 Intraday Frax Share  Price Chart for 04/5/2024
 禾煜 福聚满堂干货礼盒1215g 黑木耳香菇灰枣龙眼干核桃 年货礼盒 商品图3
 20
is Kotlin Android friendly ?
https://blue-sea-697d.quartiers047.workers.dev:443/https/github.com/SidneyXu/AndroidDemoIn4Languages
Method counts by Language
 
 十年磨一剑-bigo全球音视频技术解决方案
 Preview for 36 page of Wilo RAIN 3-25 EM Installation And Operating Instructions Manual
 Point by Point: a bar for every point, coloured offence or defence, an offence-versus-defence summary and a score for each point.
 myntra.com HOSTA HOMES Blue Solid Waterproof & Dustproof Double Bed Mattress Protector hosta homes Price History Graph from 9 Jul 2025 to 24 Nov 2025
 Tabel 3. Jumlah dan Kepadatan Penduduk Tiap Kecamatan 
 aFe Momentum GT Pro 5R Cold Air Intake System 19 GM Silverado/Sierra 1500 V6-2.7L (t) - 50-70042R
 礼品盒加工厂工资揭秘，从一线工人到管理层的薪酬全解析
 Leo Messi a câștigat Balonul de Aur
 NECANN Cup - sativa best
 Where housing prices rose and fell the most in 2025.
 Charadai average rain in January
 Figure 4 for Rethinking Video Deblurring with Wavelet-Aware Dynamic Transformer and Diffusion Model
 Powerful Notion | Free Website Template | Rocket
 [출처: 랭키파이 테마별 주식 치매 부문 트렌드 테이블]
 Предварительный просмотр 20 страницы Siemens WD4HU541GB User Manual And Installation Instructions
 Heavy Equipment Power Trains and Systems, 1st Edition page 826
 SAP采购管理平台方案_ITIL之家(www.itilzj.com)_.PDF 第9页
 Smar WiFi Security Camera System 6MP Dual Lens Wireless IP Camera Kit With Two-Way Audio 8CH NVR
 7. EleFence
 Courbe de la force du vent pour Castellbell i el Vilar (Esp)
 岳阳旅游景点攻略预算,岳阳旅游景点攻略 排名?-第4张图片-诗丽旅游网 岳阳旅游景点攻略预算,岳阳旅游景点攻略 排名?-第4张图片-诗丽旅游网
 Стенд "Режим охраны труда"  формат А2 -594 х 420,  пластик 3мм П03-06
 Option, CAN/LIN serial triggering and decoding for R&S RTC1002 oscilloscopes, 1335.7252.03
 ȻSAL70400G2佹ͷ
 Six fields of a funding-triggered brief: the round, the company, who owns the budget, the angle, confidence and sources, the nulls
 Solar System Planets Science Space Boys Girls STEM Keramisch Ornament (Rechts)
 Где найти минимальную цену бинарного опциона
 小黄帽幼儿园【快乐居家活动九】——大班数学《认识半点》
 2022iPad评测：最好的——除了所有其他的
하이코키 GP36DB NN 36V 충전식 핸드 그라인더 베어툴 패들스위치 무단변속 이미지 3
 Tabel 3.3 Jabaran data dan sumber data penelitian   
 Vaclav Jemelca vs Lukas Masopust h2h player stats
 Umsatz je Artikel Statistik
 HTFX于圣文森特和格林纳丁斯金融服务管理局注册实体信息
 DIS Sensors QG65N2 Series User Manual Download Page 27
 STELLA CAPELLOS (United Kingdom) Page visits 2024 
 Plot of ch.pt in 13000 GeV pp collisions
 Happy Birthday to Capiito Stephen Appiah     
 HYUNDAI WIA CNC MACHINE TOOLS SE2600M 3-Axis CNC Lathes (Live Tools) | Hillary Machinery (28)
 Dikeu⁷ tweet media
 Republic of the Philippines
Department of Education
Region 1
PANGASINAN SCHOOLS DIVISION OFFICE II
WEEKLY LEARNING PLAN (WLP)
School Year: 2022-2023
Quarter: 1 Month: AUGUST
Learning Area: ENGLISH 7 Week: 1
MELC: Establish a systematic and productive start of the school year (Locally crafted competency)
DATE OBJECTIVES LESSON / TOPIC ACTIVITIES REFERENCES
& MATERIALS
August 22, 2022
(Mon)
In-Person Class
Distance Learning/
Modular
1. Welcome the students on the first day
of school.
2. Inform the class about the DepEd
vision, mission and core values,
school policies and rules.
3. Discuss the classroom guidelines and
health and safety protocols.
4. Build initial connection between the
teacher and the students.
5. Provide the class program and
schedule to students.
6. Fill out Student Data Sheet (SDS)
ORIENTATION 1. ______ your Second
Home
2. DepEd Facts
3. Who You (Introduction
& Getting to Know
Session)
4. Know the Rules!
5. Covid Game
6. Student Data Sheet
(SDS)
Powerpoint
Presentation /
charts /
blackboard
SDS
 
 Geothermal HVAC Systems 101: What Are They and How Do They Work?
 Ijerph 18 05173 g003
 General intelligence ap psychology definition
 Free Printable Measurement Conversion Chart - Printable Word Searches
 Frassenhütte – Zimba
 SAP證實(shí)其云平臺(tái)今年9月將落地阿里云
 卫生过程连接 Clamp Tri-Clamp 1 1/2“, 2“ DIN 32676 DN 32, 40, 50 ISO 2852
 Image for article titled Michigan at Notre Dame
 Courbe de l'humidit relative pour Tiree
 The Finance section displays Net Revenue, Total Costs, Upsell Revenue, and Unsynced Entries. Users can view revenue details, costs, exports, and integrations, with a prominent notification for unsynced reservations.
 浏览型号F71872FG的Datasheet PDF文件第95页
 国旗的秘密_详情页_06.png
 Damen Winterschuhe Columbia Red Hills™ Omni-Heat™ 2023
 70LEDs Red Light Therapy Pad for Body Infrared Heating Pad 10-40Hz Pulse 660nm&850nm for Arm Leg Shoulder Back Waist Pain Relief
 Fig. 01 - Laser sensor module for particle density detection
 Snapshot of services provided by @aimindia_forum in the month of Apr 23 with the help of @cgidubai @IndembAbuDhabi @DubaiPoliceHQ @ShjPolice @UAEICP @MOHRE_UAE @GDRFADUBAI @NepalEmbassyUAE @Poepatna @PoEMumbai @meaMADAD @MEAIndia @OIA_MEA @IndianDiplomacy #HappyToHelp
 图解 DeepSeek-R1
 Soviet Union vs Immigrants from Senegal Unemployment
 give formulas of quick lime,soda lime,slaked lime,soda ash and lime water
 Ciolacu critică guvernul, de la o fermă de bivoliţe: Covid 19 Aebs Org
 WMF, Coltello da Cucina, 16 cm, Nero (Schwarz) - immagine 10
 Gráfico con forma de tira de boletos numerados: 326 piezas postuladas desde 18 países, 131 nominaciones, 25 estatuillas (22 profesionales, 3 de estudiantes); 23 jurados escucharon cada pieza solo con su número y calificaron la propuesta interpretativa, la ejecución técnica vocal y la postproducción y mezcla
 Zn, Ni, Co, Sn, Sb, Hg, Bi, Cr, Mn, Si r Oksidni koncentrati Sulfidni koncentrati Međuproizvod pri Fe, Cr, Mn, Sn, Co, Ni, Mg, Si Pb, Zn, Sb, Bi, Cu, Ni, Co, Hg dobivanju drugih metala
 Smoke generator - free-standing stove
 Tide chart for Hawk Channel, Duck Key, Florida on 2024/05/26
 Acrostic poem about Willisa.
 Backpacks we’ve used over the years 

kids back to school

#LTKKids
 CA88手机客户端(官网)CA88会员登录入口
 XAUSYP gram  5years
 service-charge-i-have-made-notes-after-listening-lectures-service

==============================

_Assignment_
Write out only the lines that run from the line containing "Quarter: 1 Month: AUGUST" through the line containing "give formulas of", both included, exactly as they appear above.

_The completed task_
Quarter: 1 Month: AUGUST
Learning Area: ENGLISH 7 Week: 1
MELC: Establish a systematic and productive start of the school year (Locally crafted competency)
DATE OBJECTIVES LESSON / TOPIC ACTIVITIES REFERENCES
& MATERIALS
August 22, 2022
(Mon)
In-Person Class
Distance Learning/
Modular
1. Welcome the students on the first day
of school.
2. Inform the class about the DepEd
vision, mission and core values,
school policies and rules.
3. Discuss the classroom guidelines and
health and safety protocols.
4. Build initial connection between the
teacher and the students.
5. Provide the class program and
schedule to students.
6. Fill out Student Data Sheet (SDS)
ORIENTATION 1. ______ your Second
Home
2. DepEd Facts
3. Who You (Introduction
& Getting to Know
Session)
4. Know the Rules!
5. Covid Game
6. Student Data Sheet
(SDS)
Powerpoint
Presentation /
charts /
blackboard
SDS
 
 Geothermal HVAC Systems 101: What Are They and How Do They Work?
 Ijerph 18 05173 g003
 General intelligence ap psychology definition
 Free Printable Measurement Conversion Chart - Printable Word Searches
 Frassenhütte – Zimba
 SAP證實(shí)其云平臺(tái)今年9月將落地阿里云
 卫生过程连接 Clamp Tri-Clamp 1 1/2“, 2“ DIN 32676 DN 32, 40, 50 ISO 2852
 Image for article titled Michigan at Notre Dame
 Courbe de l'humidit relative pour Tiree
 The Finance section displays Net Revenue, Total Costs, Upsell Revenue, and Unsynced Entries. Users can view revenue details, costs, exports, and integrations, with a prominent notification for unsynced reservations.
 浏览型号F71872FG的Datasheet PDF文件第95页
 国旗的秘密_详情页_06.png
 Damen Winterschuhe Columbia Red Hills™ Omni-Heat™ 2023
 70LEDs Red Light Therapy Pad for Body Infrared Heating Pad 10-40Hz Pulse 660nm&850nm for Arm Leg Shoulder Back Waist Pain Relief
 Fig. 01 - Laser sensor module for particle density detection
 Snapshot of services provided by @aimindia_forum in the month of Apr 23 with the help of @cgidubai @IndembAbuDhabi @DubaiPoliceHQ @ShjPolice @UAEICP @MOHRE_UAE @GDRFADUBAI @NepalEmbassyUAE @Poepatna @PoEMumbai @meaMADAD @MEAIndia @OIA_MEA @IndianDiplomacy #HappyToHelp
 图解 DeepSeek-R1
 Soviet Union vs Immigrants from Senegal Unemployment
 give formulas of quick lime,soda lime,slaked lime,soda ash and lime water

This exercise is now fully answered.